Un gouvernement conservateur, s'il était élu cet automne, s'efforcerait de rétablir les relations entre le Canada et l'Arabie saoudite en se concentrant sur des domaines qu'il considère d'intérêt mutuel.



Erin O'Toole, porte-parole conservateur pour les affaires étrangères, a déclaré en entrevue qu'il tenterait de « gagner la confiance » de l'Arabie saoudite en se concentrant sur l'amélioration de leurs relations commerciales et en offrant davantage d'aide, de développement et d'appui aux réfugiés dans la région du Golfe.


M. O'Toole a déclaré que les conservateurs essaieraient de renouer le dialogue avec Riyad malgré l'indignation internationale suscitée par l'assassinat du journaliste Jamal Khashoggi, l'automne dernier, dans le consulat d'Arabie saoudite à Istanbul.


« Une fois que vous avez une relation, vous pouvez alors soulever les enjeux des droits de la personne en lien avec les actions de l'Arabie saoudite dans l'affaire Khashoggi, les réformes démocratiques, et toutes ces choses », a expliqué M. O'Toole, ajoutant qu'un gouvernement conservateur chercherait un terrain d'entente de la même manière avec la Chine, l'Inde et les Philippines.


 


« Si nous n'avons aucune relation, nous ne faisons que crier dans le vide.
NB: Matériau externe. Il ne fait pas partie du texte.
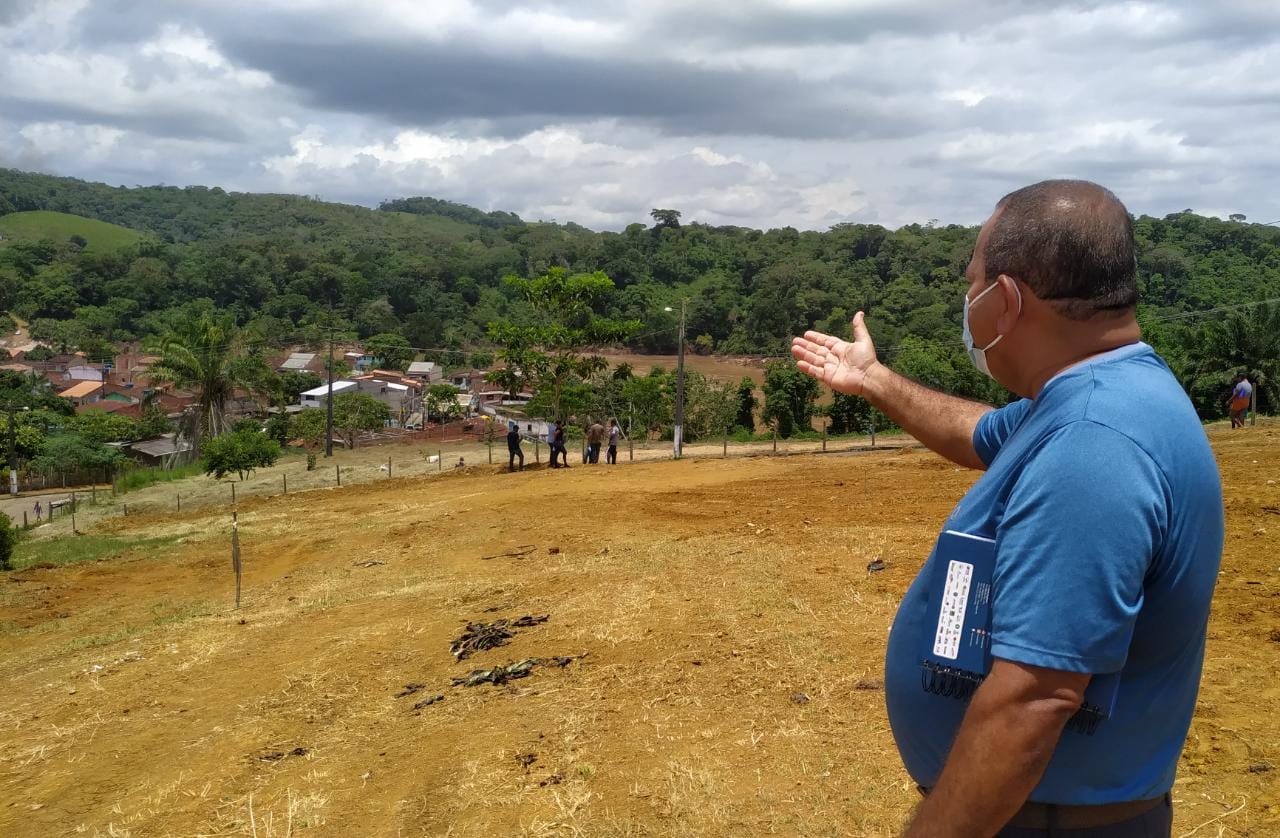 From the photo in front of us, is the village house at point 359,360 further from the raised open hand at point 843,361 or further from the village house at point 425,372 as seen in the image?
the raised open hand at point 843,361

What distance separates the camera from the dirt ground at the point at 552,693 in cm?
386

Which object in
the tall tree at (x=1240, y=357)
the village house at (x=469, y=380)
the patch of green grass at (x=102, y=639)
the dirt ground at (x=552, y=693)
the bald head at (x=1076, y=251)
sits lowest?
the village house at (x=469, y=380)

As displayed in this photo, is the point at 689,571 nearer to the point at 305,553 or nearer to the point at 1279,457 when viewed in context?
→ the point at 305,553

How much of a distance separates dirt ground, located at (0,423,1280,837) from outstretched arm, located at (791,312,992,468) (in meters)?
1.90

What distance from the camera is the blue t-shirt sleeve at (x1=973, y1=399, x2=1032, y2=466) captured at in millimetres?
1981

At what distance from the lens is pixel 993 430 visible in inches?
79.9

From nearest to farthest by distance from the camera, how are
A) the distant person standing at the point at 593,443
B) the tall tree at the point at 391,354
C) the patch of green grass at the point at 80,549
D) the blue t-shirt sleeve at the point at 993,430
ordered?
the blue t-shirt sleeve at the point at 993,430 → the patch of green grass at the point at 80,549 → the distant person standing at the point at 593,443 → the tall tree at the point at 391,354

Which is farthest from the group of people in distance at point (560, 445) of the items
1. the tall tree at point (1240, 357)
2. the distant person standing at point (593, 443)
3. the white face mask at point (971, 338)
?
the white face mask at point (971, 338)

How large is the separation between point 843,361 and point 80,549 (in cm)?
1694

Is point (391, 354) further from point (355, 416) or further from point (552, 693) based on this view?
point (552, 693)

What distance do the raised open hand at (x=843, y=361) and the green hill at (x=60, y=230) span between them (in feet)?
474

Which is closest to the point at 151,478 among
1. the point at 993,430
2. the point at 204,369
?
the point at 204,369

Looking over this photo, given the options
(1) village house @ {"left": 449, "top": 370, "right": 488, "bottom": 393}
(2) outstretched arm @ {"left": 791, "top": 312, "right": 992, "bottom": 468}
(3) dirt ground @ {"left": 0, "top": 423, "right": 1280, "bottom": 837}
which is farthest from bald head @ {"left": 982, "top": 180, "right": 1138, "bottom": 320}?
(1) village house @ {"left": 449, "top": 370, "right": 488, "bottom": 393}

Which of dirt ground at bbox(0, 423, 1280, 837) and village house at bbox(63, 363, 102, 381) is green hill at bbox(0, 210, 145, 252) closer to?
village house at bbox(63, 363, 102, 381) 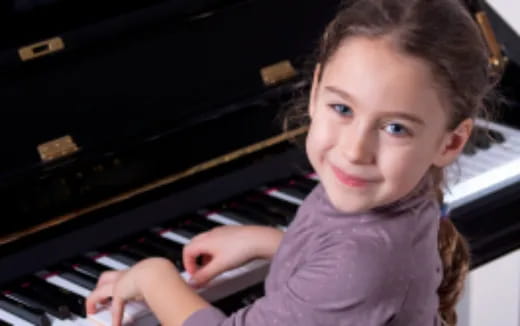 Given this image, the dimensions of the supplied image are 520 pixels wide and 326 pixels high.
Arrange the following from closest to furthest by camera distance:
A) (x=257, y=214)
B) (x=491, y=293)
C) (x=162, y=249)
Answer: (x=162, y=249)
(x=257, y=214)
(x=491, y=293)

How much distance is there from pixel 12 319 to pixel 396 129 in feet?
2.44

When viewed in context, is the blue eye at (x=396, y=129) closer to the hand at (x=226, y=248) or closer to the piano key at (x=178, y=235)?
the hand at (x=226, y=248)

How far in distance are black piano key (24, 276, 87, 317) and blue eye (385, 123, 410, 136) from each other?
25.4 inches

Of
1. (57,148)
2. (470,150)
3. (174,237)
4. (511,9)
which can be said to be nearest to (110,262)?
(174,237)

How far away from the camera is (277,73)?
2.18 m

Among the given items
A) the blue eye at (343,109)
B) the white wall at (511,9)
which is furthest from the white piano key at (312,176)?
the white wall at (511,9)

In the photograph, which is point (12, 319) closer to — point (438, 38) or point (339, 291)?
point (339, 291)

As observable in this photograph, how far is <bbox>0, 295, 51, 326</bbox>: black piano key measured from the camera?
1.65m

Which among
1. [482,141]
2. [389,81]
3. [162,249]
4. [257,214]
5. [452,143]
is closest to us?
[389,81]

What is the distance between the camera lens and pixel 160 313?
1547 millimetres

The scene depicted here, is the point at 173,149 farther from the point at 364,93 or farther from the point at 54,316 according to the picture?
the point at 364,93

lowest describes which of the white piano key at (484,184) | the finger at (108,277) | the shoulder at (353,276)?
the white piano key at (484,184)

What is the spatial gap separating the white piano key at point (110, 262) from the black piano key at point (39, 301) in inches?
5.5

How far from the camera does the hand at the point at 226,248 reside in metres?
1.73
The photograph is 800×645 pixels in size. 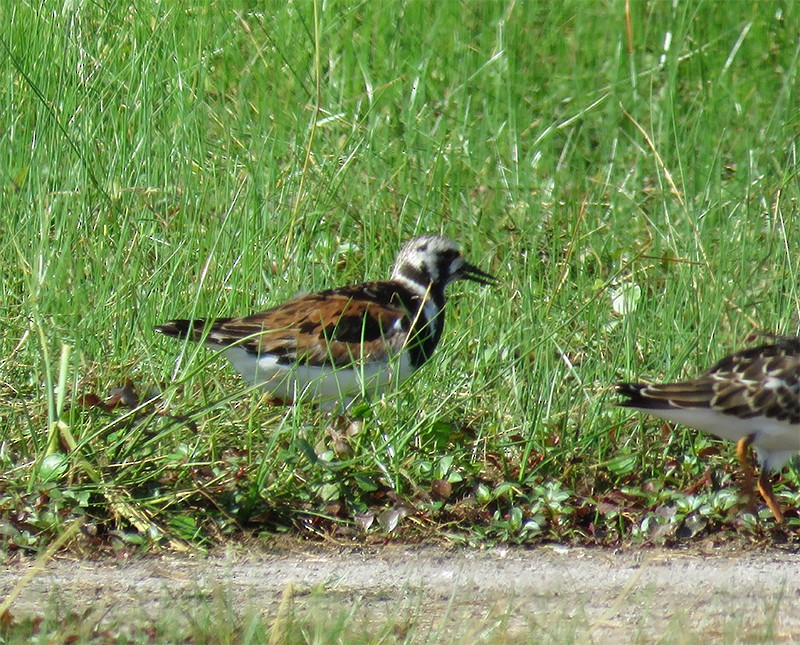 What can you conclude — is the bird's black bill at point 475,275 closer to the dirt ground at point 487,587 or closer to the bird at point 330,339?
the bird at point 330,339

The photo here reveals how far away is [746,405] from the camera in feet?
17.8

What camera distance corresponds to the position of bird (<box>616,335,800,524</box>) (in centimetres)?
531

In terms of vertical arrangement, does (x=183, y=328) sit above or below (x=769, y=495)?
above

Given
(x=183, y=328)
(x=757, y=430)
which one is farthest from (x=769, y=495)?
(x=183, y=328)

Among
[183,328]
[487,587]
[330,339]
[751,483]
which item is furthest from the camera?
[330,339]

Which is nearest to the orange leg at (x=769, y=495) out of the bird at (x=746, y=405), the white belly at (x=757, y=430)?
the bird at (x=746, y=405)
Nous n'avons aucun impact sur eux. »


M. O'Toole a reconnu que, pour certains Canadiens, le rétablissement des liens avec l'Arabie saoudite sera difficile à accepter après la mort de M. Khashoggi.


Il y a un an, le premier d'une série de messages critiques sur l'arrestation de militantes des droits des femmes en Arabie saoudite a été publié sur des comptes Twitter du gouvernement canadien, notamment celui appartenant à la ministre des Affaires étrangères, Chrystia Freeland. Les messages appelaient à la libération des activistes.


Irritée par la réprimande publique du Canada, l'Arabie saoudite a riposté quelques jours plus tard en suspendant ses relations diplomatiques avec le Canada, en expulsant l'ambassadeur du Canada et en rappelant son propre émissaire d'Ottawa.


Elle a également déclaré qu'elle mettrait fin aux nouveaux accords de commerce et d'investissement et aux importantes bourses accordées à ses citoyens pour qu'ils puissent étudier au Canada. La banque centrale saoudienne et les fonds de pension publics ont commencé à vendre leurs avoirs canadiens.


Et depuis l'automne dernier, peu de signes publics de rapprochement ont été observés.


Des documents fédéraux internes montrent que, dans les semaines qui ont suivi le début du conflit, Mme Freeland et son homologue saoudien « discutaient d'idées pour désamorcer [...] notamment une approche progressive qui pourrait inclure une série d'étapes ». L'information se trouvait dans une note de septembre, obtenue par La Presse canadienne en vertu de la Loi sur l'accès à l'information.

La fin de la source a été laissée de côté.